2.) Pippin's Song, Lord of the Rings: Return of the King

Howard Shore's score for the Lord of the Rings trilogy is an extended exercise in awesome. (Heard the symphonic version yet? If not, get thee to YouTube right away!) So it's kind of ironic that the best musical moment in the trilogy doesn't belong to him, but to actor Billy Boyd. Boyd not only sings this adaptation of “Upon the Hearth the Fire is Red,” he composed it's simple, folk-ballad melody. The song is juxtaposed with scenes of Faramir leading a charge to battle (and doom) at the hands of the orcs, encapsulating the trilogy's overarching theme of simple folk caught up (and making a difference) in world-shaking events. If you can watch it without crying...well, you're made of sterner stuff than I am. Which isn't saying much, but still.

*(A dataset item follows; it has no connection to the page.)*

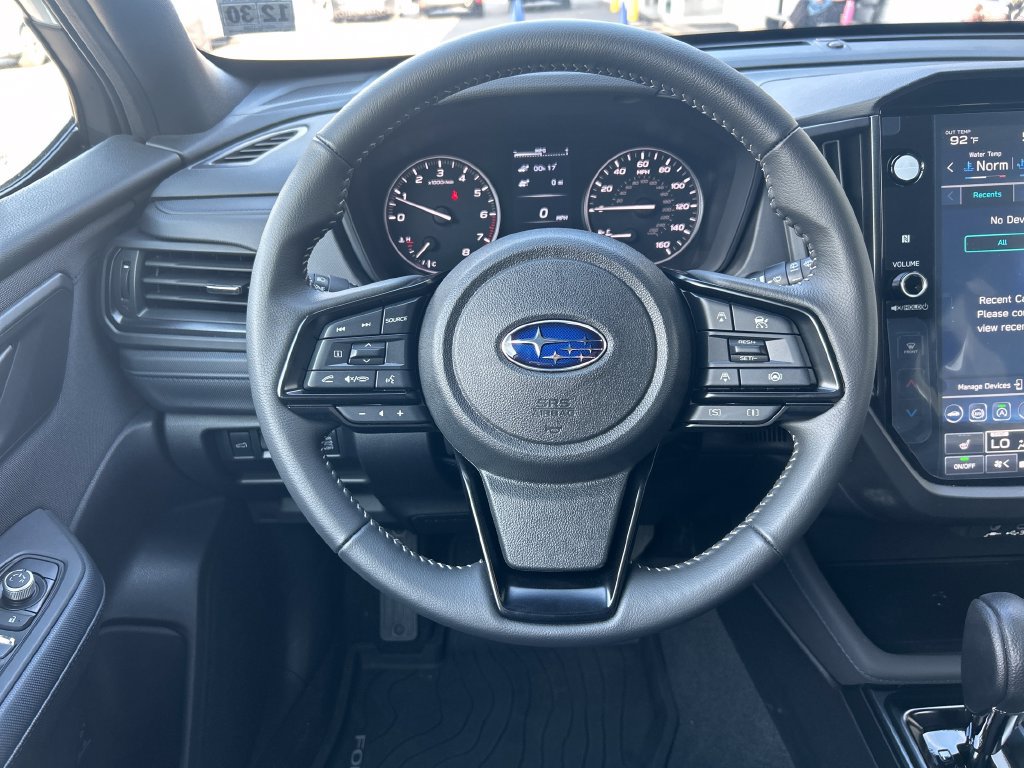 Certified 2026 Subaru Forester Premium AWD/4WD image 16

1.) “Always Look on the Bright Side of Life,” Monty Python's Life of Brian

Let's face it, the Pythons are concentrated awesome. This is a scientifically proven fact. And there are a lot of musical segments they did that could have wound up on this list (“Knights of the Round Table” and “Every Sperm is Sacred” to name just a couple). But I always point to Life of Brian as my favorite Monty Python project, so that means the top honor goes to Eric Idle singing a cheerful little ditty as pretty much the entire cast gets crucified. There's a terrific irony to the scene that, somehow, circles back around to wisdom: life can be pretty awful, but it's what we've got so we might as well enjoy it. No surprise that a lot of people shuffling off their mortal coils (including the Python's own Graham Chapman) have this sung at their funerals, sending them off with one last laugh.